Several new non-peptide, orally active, angiotensin II receptor antagonists have recently been developed which enable to block the renin-angiotensin system at the AT1 receptor site. In contrast to angiotensin converting enzyme (ACE) inhibitors, these antagonists do not interfere with the metabolism of kinins. The effect of these agents on renal function may thus potentially differ from those of ACE inhibitors. Therefore, the renal pharmacology of various angiotensin II receptor antagonists has been examined in normotensive subjects. In normotensive subjects, losartan and irbesartan have been shown to have no effect on glomerular filtration rate and to induce either no change or a modest increase in renal blood flow. These results were confirmed thereafter in hypertensive patients where losartan produced a renal vasodilation with no change in glomerular filtration. In healthy subjects, both losartan and irbesartan induce an acute increase in urinary sodium excretion. The natriuretic response to losartan is proportionally more important during salt-depletion. In contrast to other angiotensin II receptor antagonists, losartan has a unique property to increase uric acid excretion. In this paper we show that this property is due to the potent inhibitory effect of the parent compound of losartan on the urate/anion transport in the human renal proximal tubule.
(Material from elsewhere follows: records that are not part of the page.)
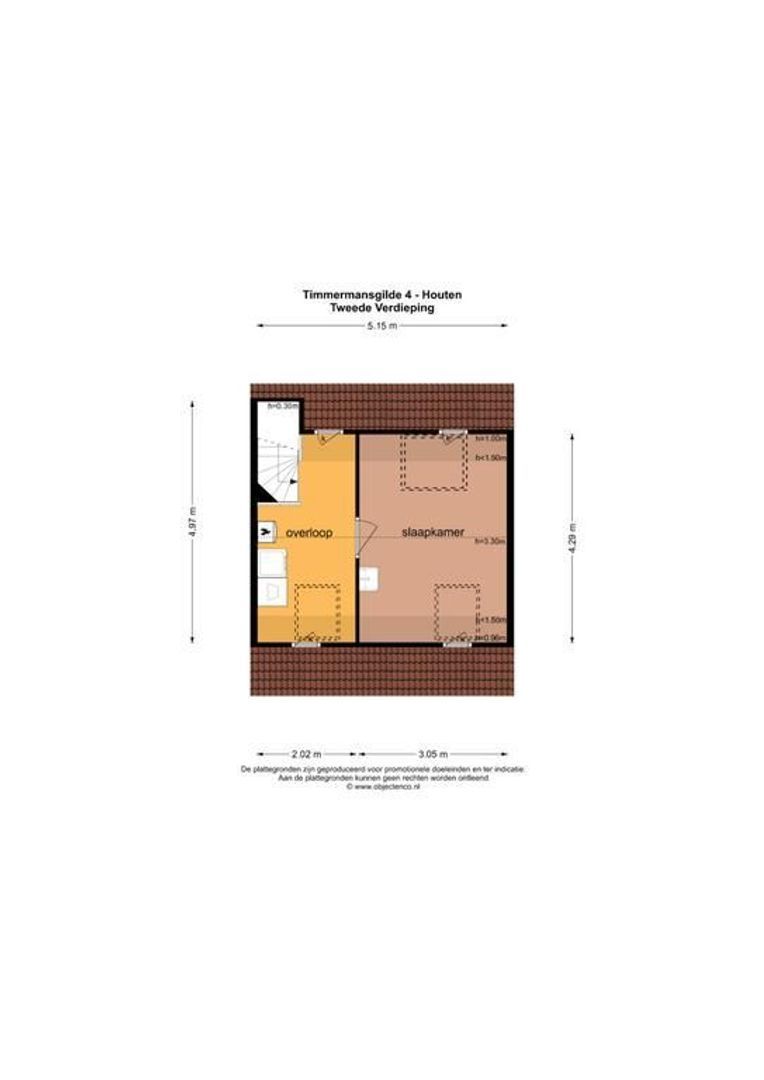 Timmermansgilde 4, Houten plattegrond-40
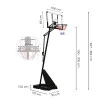 MOVEPRO regulējams basketbola stends 305 cm augstumā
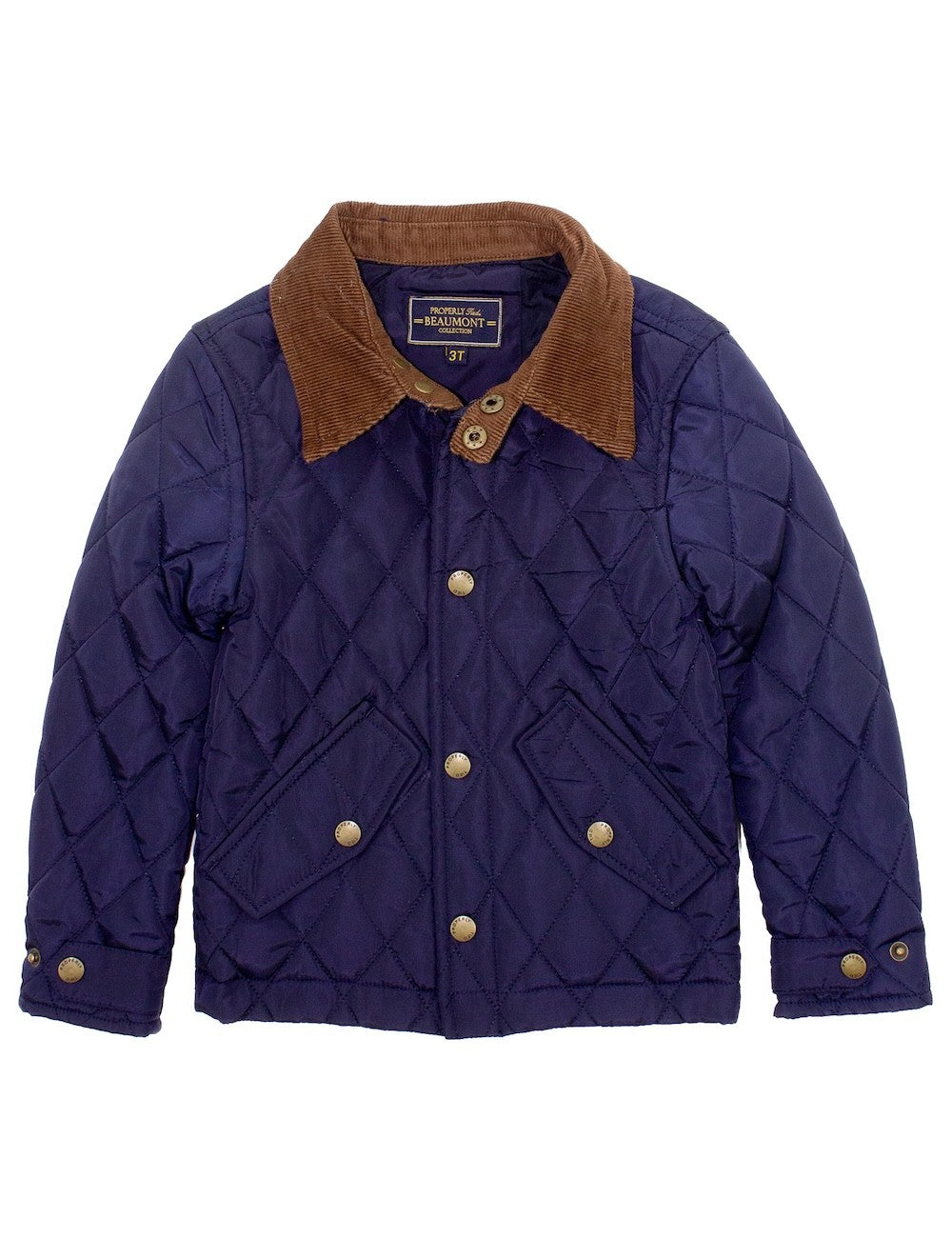 Properly Tied Boys Beaumont Barn Jacket Coat - Navy Blue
cozaar renal dosing 2016-06-16

Our data show that the effects of losartan and amlodipine on the absolute mean reduction of blood pressure and proteinuria in non-diabetic nephropathy patients are similar between the different ACE or AGT genotypes. Although based on a small number of patients, the AGTR1-AA genotype was associated with a significantly higher reduction in diastolic blood pressure among losartan-treated patients. Additional studies are necessary to refute or confirm this association.